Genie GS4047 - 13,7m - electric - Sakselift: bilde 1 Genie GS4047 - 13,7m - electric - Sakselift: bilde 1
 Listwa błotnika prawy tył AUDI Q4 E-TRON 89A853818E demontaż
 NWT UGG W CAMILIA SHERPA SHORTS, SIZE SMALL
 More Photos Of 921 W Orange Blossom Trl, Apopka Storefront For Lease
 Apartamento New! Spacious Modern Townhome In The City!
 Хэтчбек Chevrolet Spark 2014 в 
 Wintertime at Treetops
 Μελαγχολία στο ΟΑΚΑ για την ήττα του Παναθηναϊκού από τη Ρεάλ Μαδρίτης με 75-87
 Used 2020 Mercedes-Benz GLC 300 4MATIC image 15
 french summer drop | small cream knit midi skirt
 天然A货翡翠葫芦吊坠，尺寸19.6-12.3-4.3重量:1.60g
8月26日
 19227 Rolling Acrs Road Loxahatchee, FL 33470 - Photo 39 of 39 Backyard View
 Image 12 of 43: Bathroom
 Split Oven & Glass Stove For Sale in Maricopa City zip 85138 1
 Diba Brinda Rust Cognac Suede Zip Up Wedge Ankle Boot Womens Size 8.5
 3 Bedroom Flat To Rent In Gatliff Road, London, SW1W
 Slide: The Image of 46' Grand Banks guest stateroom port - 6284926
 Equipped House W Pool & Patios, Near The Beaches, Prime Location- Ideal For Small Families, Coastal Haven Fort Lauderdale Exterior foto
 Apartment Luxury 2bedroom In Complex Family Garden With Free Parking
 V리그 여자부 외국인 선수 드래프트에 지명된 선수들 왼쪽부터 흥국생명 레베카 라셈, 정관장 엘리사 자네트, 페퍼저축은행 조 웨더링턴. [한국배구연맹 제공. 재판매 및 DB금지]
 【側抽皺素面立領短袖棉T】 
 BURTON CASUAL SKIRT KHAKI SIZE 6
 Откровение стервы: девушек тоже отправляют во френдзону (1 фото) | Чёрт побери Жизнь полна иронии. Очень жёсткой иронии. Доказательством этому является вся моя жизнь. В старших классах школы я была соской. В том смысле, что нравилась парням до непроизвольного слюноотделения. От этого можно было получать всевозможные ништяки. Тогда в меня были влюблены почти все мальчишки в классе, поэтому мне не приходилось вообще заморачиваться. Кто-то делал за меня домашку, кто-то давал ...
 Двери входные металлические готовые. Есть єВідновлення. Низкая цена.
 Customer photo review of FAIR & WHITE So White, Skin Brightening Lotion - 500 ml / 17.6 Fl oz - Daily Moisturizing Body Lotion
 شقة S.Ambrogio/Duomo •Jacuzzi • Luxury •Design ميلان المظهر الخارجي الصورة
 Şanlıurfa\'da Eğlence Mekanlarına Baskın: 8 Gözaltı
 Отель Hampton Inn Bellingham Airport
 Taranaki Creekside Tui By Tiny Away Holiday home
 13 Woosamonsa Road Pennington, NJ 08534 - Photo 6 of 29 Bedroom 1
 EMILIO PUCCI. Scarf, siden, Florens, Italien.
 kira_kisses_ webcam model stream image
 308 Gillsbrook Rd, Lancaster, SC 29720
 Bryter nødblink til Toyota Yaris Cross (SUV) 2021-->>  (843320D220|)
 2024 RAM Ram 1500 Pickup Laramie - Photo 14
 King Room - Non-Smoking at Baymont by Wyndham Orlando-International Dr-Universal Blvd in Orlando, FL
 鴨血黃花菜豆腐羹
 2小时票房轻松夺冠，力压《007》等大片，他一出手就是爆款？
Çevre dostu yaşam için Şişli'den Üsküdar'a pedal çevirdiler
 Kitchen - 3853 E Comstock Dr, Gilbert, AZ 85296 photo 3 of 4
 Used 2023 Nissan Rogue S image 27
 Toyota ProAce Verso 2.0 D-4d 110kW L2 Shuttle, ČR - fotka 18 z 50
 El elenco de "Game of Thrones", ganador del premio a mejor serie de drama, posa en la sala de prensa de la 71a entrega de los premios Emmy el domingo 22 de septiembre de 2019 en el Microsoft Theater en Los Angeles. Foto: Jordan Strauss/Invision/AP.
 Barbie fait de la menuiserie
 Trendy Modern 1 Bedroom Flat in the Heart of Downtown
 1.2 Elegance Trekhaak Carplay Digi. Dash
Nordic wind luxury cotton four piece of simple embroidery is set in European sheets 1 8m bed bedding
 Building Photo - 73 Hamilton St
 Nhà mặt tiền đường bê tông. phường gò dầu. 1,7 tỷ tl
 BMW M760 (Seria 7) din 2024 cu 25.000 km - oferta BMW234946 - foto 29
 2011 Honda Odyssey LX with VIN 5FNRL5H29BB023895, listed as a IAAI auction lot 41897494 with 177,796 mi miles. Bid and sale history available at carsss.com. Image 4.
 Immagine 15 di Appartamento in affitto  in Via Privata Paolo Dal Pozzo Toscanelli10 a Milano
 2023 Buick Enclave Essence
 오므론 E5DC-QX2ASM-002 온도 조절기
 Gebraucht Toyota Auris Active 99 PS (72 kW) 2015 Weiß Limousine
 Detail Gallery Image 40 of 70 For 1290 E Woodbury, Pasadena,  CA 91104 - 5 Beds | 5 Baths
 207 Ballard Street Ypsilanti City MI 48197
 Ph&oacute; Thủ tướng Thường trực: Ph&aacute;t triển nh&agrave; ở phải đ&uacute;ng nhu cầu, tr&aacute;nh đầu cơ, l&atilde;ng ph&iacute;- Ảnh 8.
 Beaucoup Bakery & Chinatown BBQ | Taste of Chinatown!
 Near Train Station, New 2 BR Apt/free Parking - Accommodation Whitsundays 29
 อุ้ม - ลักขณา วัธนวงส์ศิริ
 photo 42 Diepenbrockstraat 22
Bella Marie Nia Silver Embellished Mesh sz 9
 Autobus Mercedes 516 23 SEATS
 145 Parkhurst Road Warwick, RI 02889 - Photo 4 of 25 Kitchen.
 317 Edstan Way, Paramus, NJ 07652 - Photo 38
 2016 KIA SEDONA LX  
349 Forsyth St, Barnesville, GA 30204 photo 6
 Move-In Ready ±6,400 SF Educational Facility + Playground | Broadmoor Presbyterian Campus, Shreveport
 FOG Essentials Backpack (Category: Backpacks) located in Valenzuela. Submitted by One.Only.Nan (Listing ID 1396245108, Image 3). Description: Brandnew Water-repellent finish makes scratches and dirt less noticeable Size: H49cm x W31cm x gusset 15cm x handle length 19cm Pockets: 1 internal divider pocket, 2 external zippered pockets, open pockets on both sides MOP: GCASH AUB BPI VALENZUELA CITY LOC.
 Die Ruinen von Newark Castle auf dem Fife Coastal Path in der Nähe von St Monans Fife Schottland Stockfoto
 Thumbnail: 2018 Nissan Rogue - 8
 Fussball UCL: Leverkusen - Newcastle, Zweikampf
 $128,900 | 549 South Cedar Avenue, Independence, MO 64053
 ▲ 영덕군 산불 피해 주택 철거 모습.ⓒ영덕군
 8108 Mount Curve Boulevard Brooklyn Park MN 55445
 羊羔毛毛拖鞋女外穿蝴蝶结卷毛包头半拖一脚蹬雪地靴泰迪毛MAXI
··········
### Exercise directions
Please reproduce exactly the lines from the first one of the records above through the line containing "Slide: The Image", both included, and nothing else.

### Reply to the exercise
Genie GS4047 - 13,7m - electric - Sakselift: bilde 1 Genie GS4047 - 13,7m - electric - Sakselift: bilde 1
 Listwa błotnika prawy tył AUDI Q4 E-TRON 89A853818E demontaż
 NWT UGG W CAMILIA SHERPA SHORTS, SIZE SMALL
 More Photos Of 921 W Orange Blossom Trl, Apopka Storefront For Lease
 Apartamento New! Spacious Modern Townhome In The City!
 Хэтчбек Chevrolet Spark 2014 в 
 Wintertime at Treetops
 Μελαγχολία στο ΟΑΚΑ για την ήττα του Παναθηναϊκού από τη Ρεάλ Μαδρίτης με 75-87
 Used 2020 Mercedes-Benz GLC 300 4MATIC image 15
 french summer drop | small cream knit midi skirt
 天然A货翡翠葫芦吊坠，尺寸19.6-12.3-4.3重量:1.60g
8月26日
 19227 Rolling Acrs Road Loxahatchee, FL 33470 - Photo 39 of 39 Backyard View
 Image 12 of 43: Bathroom
 Split Oven & Glass Stove For Sale in Maricopa City zip 85138 1
 Diba Brinda Rust Cognac Suede Zip Up Wedge Ankle Boot Womens Size 8.5
 3 Bedroom Flat To Rent In Gatliff Road, London, SW1W
 Slide: The Image of 46' Grand Banks guest stateroom port - 6284926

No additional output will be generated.